Compare and contrast your original long-winded:

>>it would almost certainly have not mattered which country Newman had chosen as other equally striking differences with nearly every other country on the planet could have been cited.<<

with my succinct precis:

>>'...it would almost certainly have not mattered which country Newman had chosen ...'<<

summarised as:

"Any country would have done just as well"

It takes a great deal of imagination to turn those into "wanton self-evident misrepresentation", but I guess that is your forte.

It has to be said daggett that your politician's trick of firstly failing to answer the question, then making an outrageous generalisation that is only obliquely relevant to the question, and following it up with some good old fashioned ad hominem insults is not only transparent, but very boring.

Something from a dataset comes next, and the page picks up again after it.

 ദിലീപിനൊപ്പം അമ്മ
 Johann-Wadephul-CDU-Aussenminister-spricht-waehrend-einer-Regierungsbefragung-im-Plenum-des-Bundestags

You invariably complement this tiresome mix with a hastily-drawn straw man, just for the sake of completeness:

>>What I said was that given your objections to France being used as a 'comparator' I don't see how you could not have similarly objected to the use of any other country with similar immigration and housing polices [sic].<<

Which of course, is a nonsense.

First of all it is not clear whether you mean "policies similar to France", or "policies similar to Australia"?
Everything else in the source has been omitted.